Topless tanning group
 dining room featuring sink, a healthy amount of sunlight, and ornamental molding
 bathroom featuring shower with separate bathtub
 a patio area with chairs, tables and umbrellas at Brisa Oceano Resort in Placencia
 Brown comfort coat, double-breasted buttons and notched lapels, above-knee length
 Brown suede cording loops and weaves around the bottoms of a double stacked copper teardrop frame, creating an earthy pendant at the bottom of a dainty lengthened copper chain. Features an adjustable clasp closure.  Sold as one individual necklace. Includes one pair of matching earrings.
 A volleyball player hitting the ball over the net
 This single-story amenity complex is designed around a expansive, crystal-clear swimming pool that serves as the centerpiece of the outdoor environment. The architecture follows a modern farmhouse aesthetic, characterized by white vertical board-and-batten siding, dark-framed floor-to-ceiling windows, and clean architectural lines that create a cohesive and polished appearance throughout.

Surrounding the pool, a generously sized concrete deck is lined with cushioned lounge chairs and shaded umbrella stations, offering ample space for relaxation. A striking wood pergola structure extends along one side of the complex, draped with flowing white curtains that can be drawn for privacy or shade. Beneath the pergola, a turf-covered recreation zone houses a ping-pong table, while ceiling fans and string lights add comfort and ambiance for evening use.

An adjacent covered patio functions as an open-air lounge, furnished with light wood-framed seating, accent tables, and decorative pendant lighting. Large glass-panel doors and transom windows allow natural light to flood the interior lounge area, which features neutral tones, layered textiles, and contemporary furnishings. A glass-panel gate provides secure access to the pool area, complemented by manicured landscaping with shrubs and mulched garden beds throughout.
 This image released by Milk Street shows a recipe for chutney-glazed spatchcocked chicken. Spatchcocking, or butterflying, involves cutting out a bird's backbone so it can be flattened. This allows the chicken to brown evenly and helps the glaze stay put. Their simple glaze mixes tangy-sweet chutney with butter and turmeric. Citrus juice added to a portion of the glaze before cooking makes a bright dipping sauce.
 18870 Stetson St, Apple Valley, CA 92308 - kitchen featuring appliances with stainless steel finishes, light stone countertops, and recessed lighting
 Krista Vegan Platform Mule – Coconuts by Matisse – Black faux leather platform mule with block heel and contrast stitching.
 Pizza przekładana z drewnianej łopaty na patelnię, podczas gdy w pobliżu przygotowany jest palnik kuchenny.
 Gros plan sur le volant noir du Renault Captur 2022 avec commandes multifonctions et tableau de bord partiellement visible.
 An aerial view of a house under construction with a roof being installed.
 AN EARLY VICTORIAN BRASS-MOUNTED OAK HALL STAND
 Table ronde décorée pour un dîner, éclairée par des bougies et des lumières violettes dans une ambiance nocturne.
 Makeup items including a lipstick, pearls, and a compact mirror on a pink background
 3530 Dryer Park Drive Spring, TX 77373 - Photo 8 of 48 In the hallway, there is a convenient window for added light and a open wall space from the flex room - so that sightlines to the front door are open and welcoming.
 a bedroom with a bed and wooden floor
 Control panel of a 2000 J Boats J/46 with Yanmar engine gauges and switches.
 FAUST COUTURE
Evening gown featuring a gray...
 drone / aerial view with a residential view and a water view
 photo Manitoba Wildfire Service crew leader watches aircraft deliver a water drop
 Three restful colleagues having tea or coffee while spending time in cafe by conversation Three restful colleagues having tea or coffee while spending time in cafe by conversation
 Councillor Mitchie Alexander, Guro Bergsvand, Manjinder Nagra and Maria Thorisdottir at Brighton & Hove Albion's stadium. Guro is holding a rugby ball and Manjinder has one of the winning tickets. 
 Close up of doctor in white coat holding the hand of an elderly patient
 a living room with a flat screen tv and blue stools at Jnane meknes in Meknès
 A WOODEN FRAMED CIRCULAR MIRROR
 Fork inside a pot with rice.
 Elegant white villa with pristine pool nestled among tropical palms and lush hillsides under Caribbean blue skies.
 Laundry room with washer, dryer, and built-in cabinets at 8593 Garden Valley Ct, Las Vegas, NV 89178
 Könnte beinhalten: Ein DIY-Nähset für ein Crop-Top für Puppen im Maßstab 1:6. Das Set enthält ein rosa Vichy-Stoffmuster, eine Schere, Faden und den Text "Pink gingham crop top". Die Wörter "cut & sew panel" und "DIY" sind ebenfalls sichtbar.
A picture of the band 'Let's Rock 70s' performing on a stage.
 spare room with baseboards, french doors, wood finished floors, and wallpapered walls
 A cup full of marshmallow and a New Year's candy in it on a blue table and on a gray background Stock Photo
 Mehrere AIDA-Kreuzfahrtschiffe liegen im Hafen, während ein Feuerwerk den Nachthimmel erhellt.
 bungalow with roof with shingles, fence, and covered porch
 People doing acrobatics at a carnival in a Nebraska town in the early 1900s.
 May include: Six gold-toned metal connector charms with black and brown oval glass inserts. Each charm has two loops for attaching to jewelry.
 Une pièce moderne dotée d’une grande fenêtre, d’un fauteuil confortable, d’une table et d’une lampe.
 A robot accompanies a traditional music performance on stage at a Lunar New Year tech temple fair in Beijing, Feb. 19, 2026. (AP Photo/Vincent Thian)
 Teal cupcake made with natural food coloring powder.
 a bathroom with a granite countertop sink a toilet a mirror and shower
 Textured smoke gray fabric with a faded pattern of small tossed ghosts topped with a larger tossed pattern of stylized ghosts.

==========

**INSTRUCTIONS FOR THE TASK**: Copy every line in the records above that contains the word "coat".

**COMPLETED EXERCISE**:
 Brown comfort coat, double-breasted buttons and notched lapels, above-knee length
 Close up of doctor in white coat holding the hand of an elderly patient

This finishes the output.